I’m not sentimental about things. I’m not a big historical preservationist. If there’s something in my closet you want, take it. But moments that seared themselves like a hot grill into the raw meat of our minds are precious and I’m going to keep them, and I’m going to cherish them.

I don’t know what brings certain things to mind. Circumstances, events, smells, accidents, the way sunbeams, thick enough with dust to walk on, lay a slanted beam across a field. But when that precious memory comes, when it invades your conscious self and demands that you stop whatever you’re doing and linger there awhile, do it. Don’t resent it. Don’t hasten its passing. Don’t regret the time you devoted to it when you could have been doing something “more productive.”

We hang nice ornaments, too. Colorful glass, embossed and shiny plastic, wooden figures. But it’s the simplest ornaments, made by the kids or featuring the kids, that we appreciate most. Simple, like the manger.

I’m kind of a scrooge until the last couple of weeks before Christmas. I resent the trinketized trivialization of the season. But if I will trudge through the motions riding the momentum of tradition it will hit me. That moment when I realize how much I’ve lived and what a glorious wonder each of those photo ornaments represents.

And my ice coated Scrooge heart melts and I’m awash with the blessedness of Christmas again. Merry Christmas to you, and may every happy memory be a carol in your heart.

Smoke, Flame and Memories

relatives

Relatives in one of the many photo albums stored in dad’s office.

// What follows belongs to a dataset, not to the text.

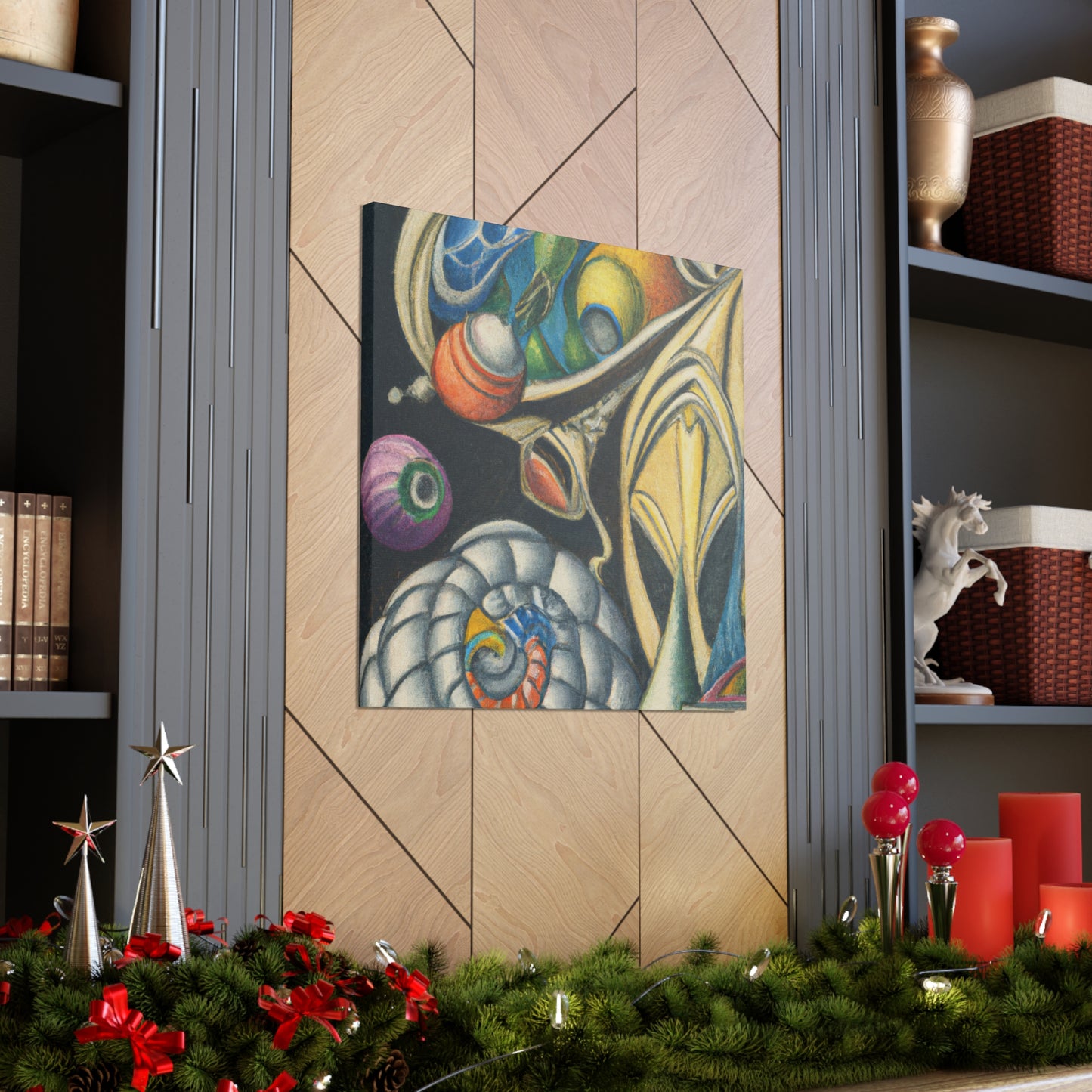 William Hogarth - canvas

Dad’s sudden death in March left a home office crammed to the brim with files of records, boxes of old photo albums, crates of special event greeting cards and birthday wishes he’s received over decades.

My siblings and I sorted through cassettes of his favorite polka bands, remembering polka tunes like “Fortunes of War” by Ray Budzilek, “Red Wing” by Marv Herzog or “She’s Too Fat” by Frank Yankovic. Video cassettes of movies, and promotional pieces I’d done for clients through the years filled boxes but would never be seen again because no one has a video cassette player.

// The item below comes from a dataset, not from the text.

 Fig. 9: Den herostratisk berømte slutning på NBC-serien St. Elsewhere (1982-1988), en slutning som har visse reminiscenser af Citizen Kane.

We found thick newspaper files of cousins’ high school graduation notices, boys going off to war and anniversary announcements. He saved confirmation programs and programs from funerals. Dad was executor for the estates of several relatives who died decades earlier and all their paperwork was still there in the cabinets.

Over every dusty file we shook our heads and asked dad why in the world he saved all this stuff. I never knew he was such a collector of this memorabilia.

We went through everything because we dared not miss clues we needed to settle eventually his affairs. Of course, we saved not one percent of the items, which included old National Geographics and lovely calendars from the last century.

Because my sister who is estate executor didn’t want anything taken to the dump that had on it people’s names or personal information, she insisted we burn them. After an aborted attempt to incinerate the goods in the cornfield on the old home place – an attempt that quickly attracted an audience that for some reason arrived on fire trucks – we scaled down the conflagration to a pleasant, hand warming experience in the backyard barbecue pit of my cousin Bobby, who coincidentally is the local fire chief.

As I’m feeding the pit with decades of detritus I voice my frustration with dad’s having saved all this stuff – a practice over decades that now requires my attention to dispose it.

“Our parents save this stuff because they think it will mean something to us someday,” Bobby said. We acknowledged the simple reality – with a healthy dose of reverential head nodding – that it doesn’t. At least it doesn’t register meaning to us at the level our parents probably thought it would.

I later expressed that thought to my wise and insightful niece Stacy who said we were doing exactly what dad expected us to do. He knew we wouldn’t save all of those items, but he knew we wouldn’t just haul a truck up to the door and start pitching drawers and files into it, either.

Stacy reminded me that we went through every file and photo page by page, each page a memory. Some we flipped through, some made us pause and share and talk about it, laughing or crying as we recalled that moment, friend, or relative.

We were kids again, each sharing incidents the others didn’t recall, expanding our memory banks with new deposits. When finally we made our way through the last of them, determining which to save, and with which to feed the fire, we were able to close a chapter, like the slap of a leather cover against the last page of the last album that we saved.

Thanks for the memories dad, and thanks mom, for putting all those photo books together years ago.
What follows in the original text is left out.